Task directions: Copying nothing before it, reproduce the line that holds "Konzentrierter Mann studiert" and every line after it in the data, exactly.

Provided records:
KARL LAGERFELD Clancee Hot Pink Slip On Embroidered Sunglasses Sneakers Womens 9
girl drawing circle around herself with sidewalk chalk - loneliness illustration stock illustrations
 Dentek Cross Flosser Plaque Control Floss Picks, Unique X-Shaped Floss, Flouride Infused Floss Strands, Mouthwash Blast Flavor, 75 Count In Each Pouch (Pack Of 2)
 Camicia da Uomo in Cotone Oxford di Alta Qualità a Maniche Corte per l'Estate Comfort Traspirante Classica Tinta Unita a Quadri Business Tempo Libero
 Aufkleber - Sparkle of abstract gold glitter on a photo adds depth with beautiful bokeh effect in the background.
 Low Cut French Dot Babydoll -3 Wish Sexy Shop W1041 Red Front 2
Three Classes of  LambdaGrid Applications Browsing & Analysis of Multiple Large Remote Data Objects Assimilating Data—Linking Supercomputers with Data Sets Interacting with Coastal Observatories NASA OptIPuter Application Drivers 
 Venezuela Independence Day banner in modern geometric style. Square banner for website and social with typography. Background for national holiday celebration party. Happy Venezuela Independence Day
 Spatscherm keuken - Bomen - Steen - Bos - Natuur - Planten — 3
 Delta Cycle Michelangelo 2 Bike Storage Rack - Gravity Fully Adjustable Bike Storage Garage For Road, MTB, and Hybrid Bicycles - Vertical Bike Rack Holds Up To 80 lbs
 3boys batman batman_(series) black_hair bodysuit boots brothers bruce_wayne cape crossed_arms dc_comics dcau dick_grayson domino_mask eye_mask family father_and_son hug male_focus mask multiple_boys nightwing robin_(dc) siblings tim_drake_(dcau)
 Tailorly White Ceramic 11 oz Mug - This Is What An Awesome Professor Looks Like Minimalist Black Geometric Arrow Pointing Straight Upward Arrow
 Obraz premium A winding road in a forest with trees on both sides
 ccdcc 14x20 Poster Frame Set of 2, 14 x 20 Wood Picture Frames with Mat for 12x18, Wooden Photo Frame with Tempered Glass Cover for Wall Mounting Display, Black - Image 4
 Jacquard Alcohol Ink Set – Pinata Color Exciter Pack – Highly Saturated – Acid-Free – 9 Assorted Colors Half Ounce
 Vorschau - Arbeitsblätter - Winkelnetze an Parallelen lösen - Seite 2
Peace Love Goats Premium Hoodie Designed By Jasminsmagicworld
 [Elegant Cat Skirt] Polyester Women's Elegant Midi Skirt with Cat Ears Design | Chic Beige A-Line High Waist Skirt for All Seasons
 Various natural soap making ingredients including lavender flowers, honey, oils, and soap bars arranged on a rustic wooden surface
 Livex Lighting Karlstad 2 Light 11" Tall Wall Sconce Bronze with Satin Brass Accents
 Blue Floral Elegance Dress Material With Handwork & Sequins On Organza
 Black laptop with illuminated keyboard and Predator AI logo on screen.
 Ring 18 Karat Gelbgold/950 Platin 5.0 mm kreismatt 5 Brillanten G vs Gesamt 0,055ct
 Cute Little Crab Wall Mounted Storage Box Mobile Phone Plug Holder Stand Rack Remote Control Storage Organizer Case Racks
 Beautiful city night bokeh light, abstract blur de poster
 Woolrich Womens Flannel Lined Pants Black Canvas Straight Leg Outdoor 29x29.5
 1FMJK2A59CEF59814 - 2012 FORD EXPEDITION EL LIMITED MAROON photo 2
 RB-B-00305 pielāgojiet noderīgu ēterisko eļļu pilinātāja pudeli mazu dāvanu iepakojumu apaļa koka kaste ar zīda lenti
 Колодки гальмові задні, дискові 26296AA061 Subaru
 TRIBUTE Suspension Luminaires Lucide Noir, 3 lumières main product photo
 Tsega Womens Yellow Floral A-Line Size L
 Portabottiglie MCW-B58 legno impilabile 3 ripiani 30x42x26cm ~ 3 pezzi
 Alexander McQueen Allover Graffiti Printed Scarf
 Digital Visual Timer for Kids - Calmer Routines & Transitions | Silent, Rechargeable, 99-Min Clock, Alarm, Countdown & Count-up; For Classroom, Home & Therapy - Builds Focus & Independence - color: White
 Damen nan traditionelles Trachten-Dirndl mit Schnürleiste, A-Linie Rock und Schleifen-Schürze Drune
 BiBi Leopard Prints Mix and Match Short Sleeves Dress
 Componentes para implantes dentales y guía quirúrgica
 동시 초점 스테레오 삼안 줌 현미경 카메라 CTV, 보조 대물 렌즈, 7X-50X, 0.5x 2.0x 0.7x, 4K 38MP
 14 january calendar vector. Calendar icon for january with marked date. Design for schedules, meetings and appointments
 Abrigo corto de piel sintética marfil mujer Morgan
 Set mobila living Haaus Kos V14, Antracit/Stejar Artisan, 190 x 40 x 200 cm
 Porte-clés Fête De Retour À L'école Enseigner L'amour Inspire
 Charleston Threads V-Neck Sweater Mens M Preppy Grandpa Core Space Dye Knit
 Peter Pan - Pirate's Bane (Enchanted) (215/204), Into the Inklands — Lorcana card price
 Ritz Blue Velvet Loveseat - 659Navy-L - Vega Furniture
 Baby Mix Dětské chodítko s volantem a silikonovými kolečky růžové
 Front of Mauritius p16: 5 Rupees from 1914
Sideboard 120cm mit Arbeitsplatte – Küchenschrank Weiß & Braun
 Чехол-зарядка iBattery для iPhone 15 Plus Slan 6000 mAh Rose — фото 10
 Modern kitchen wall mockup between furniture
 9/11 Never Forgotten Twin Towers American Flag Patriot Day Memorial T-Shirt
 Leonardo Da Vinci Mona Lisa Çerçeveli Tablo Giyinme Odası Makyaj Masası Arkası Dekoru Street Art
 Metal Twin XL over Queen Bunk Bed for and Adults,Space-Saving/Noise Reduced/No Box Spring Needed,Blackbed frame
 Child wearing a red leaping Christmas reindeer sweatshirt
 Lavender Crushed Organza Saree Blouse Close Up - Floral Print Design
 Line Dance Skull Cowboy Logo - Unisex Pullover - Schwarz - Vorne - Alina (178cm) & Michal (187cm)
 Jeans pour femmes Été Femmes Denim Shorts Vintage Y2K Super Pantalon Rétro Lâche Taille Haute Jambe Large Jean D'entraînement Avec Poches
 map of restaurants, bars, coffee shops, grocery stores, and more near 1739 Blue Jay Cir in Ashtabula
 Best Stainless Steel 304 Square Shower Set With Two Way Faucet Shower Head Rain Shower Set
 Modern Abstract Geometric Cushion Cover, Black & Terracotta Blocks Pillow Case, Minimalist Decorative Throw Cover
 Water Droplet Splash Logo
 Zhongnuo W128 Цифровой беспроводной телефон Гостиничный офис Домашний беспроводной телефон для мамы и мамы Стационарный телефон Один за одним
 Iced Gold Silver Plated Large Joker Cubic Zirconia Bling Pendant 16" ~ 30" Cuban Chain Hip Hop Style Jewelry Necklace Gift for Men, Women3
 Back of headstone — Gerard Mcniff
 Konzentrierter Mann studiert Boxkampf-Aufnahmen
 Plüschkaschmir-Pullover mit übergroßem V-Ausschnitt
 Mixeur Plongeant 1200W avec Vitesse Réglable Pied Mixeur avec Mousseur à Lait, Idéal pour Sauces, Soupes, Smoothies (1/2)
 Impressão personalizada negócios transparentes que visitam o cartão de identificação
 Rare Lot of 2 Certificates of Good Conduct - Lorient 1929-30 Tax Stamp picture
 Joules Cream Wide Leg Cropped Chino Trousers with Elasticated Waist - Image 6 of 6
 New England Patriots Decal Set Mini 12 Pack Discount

Solution for this exercise:
 Konzentrierter Mann studiert Boxkampf-Aufnahmen
 Plüschkaschmir-Pullover mit übergroßem V-Ausschnitt
 Mixeur Plongeant 1200W avec Vitesse Réglable Pied Mixeur avec Mousseur à Lait, Idéal pour Sauces, Soupes, Smoothies (1/2)
 Impressão personalizada negócios transparentes que visitam o cartão de identificação
 Rare Lot of 2 Certificates of Good Conduct - Lorient 1929-30 Tax Stamp picture
 Joules Cream Wide Leg Cropped Chino Trousers with Elasticated Waist - Image 6 of 6
 New England Patriots Decal Set Mini 12 Pack Discount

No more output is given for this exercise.